Input records
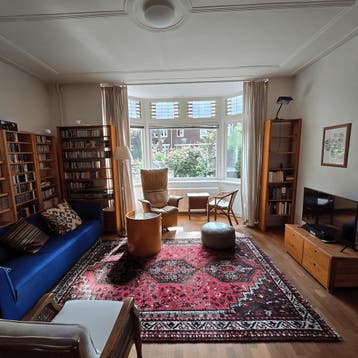 Huis in Nijmegen gevonden voor €1650,- pm, Nijmegen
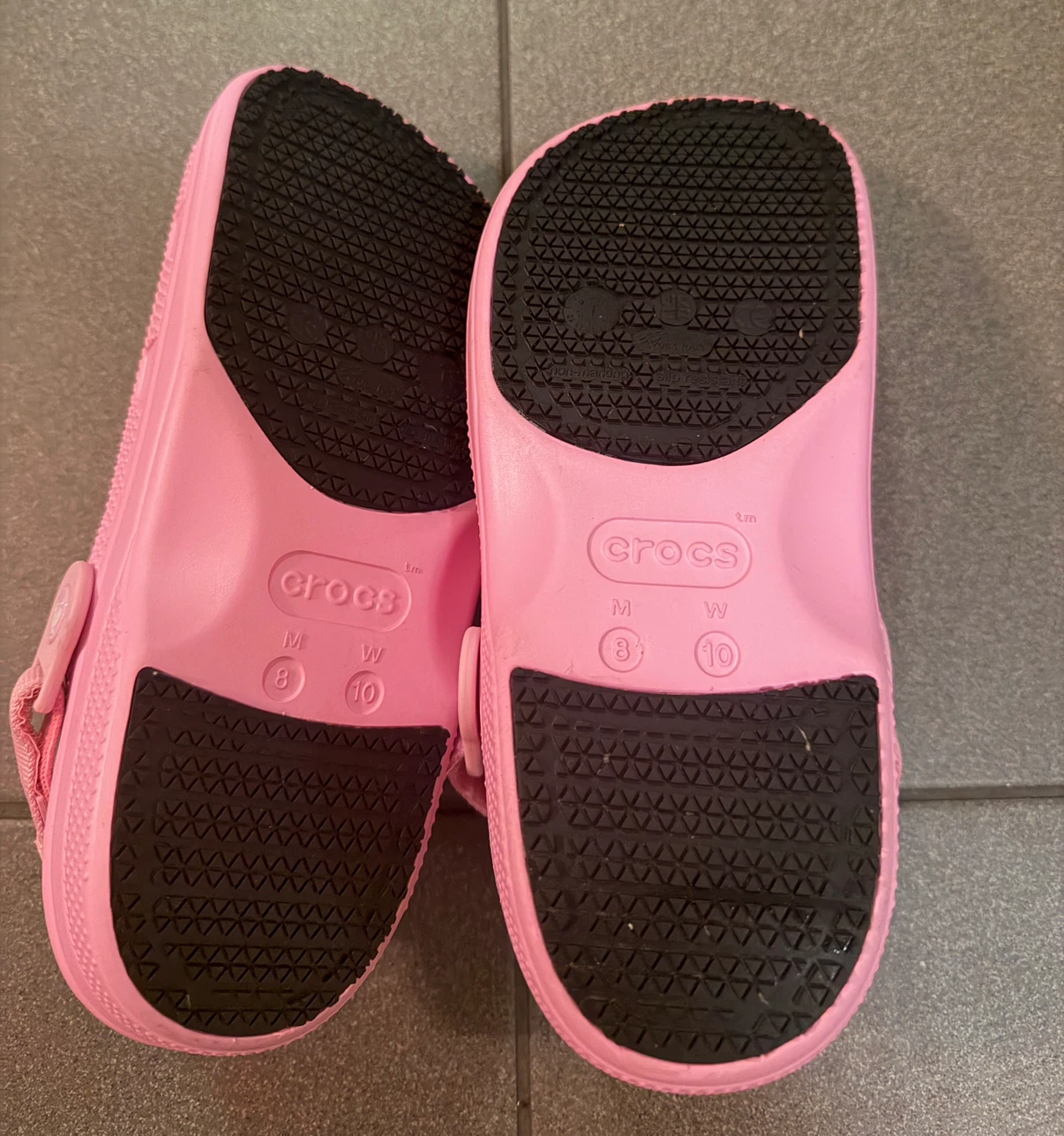 Classic Work Clog Size 8 Mens 10 Womens - photo 2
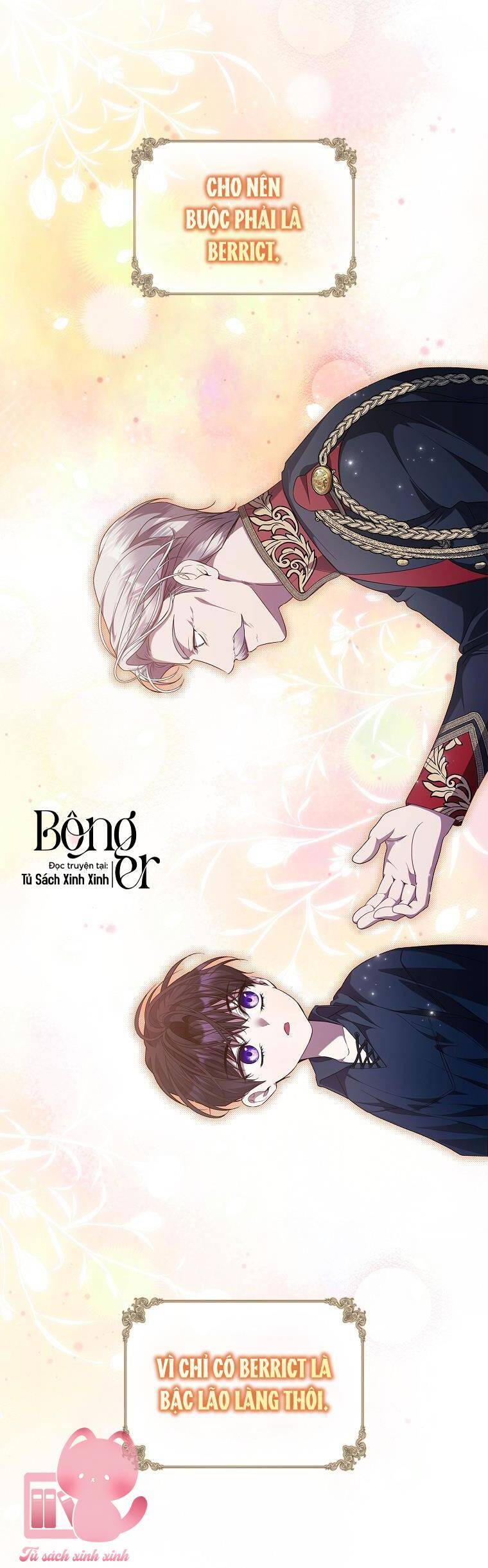 Nhận Nuôi Người Cha Phản Diện Chap 52 - Next Chap 53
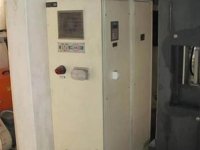 3 layers MACCHI  Cast film extruder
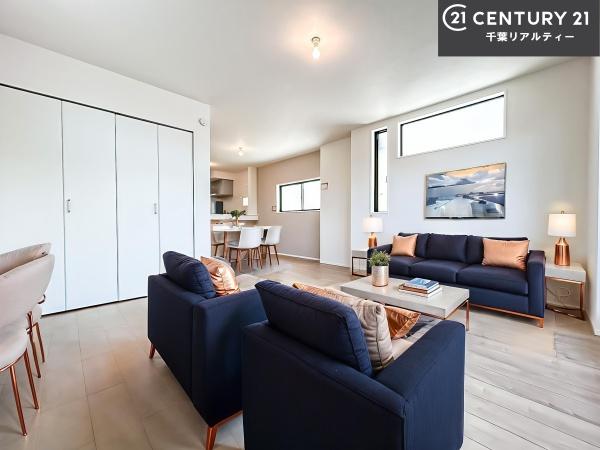 船橋市北本町2丁目　2号棟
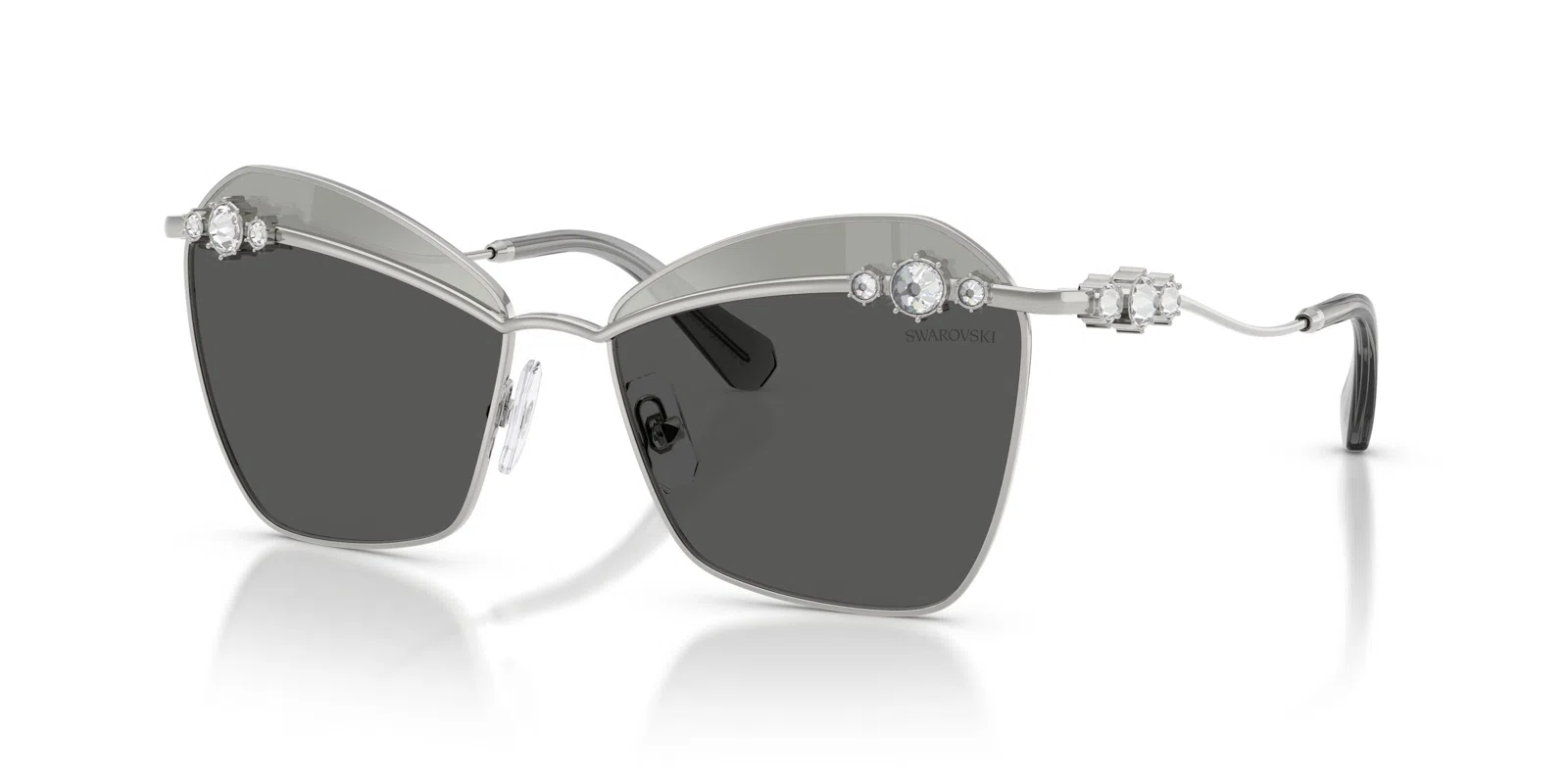 Swarovski 7040 Sunglasses - view 9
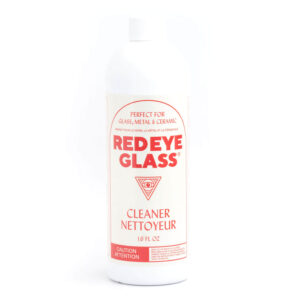 buy Instant Glass Cleaner (Red Eye Glass)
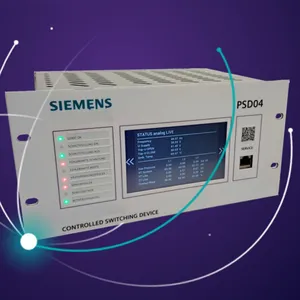 A5E00333984︱Siemens Sinamics Surge Counter︱A5E00333984 thumbnail-3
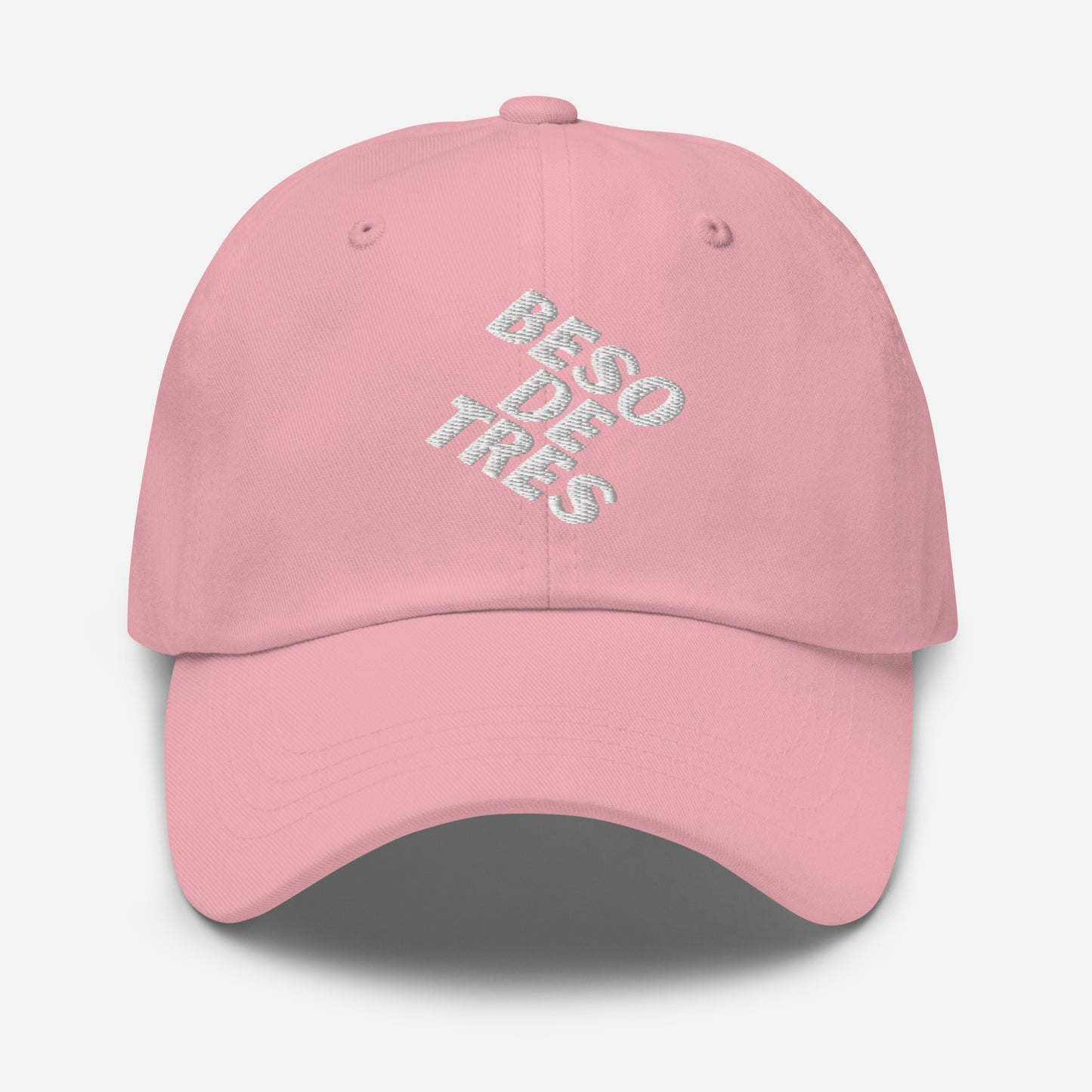 Beso De Tres Dad hat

Goal of the exercise
Nothing but the lines from the one holding "A5E00333984︱Siemens Sinamics Surge" to the end of the entries above should be echoed, exactly and with both ends included; omit the pictures.

Response area
 A5E00333984︱Siemens Sinamics Surge Counter︱A5E00333984 thumbnail-3
 Beso De Tres Dad hat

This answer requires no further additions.